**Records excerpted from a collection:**
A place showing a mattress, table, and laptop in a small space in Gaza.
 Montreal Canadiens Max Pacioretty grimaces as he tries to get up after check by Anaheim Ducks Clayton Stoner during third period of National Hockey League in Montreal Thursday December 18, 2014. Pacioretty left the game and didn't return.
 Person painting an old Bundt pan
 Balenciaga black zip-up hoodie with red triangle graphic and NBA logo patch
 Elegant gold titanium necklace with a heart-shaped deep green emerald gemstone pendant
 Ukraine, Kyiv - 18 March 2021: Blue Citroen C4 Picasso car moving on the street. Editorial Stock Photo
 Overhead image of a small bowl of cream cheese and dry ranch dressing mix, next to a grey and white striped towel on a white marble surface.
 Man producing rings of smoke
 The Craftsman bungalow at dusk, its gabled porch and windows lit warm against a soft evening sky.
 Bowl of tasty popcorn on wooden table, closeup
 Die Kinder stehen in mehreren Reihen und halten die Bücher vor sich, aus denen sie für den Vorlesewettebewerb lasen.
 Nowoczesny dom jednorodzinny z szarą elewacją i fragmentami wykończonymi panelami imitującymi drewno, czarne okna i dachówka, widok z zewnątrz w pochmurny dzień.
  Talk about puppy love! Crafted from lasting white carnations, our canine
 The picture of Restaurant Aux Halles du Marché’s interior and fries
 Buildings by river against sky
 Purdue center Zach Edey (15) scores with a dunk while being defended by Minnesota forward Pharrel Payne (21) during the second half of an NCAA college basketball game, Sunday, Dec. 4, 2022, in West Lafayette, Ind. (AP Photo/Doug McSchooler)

**Activity:**
Among the records above, repeat exactly the line with "The Craftsman bungalow", the line with "Talk about puppy", and every line in between, and only those.

**Response:**
 The Craftsman bungalow at dusk, its gabled porch and windows lit warm against a soft evening sky.
 Bowl of tasty popcorn on wooden table, closeup
 Die Kinder stehen in mehreren Reihen und halten die Bücher vor sich, aus denen sie für den Vorlesewettebewerb lasen.
 Nowoczesny dom jednorodzinny z szarą elewacją i fragmentami wykończonymi panelami imitującymi drewno, czarne okna i dachówka, widok z zewnątrz w pochmurny dzień.
  Talk about puppy love! Crafted from lasting white carnations, our canine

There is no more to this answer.